Graph based Semi-Supervised Learning(GSSL) has been attracting more and more attention with its intuitiveness and good learning performance in the machine learning community. The existing GSSL method constructs undirected weight graph, which is sensitive or not enough robust to noise or abnormal data. To handle the problem, a Semi-Supervised Classification Method of Possibilistic Clustering Assumption(SSPCA) is proposed. Then, for improving the reliability of the classification method, the SSPCA constrains each instance to have the same label membership value as its local weighted mean. A regularization term about fuzzy entropy that is added into the objective function. It aims to increase the data discriminated information.
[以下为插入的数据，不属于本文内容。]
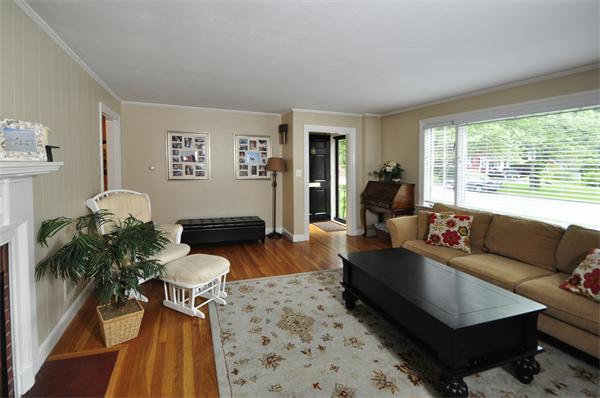 15 Westwind Road Andover, MA 01810 - Photo 9 of 24 Gallery Image 9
After that, the resulting label membership function has more generalization and the robust of the proposed method is improved on the noise and abnormal data. Some real world problems implementation on the basis of the proposed SSPCA show their reliability and robustness classification.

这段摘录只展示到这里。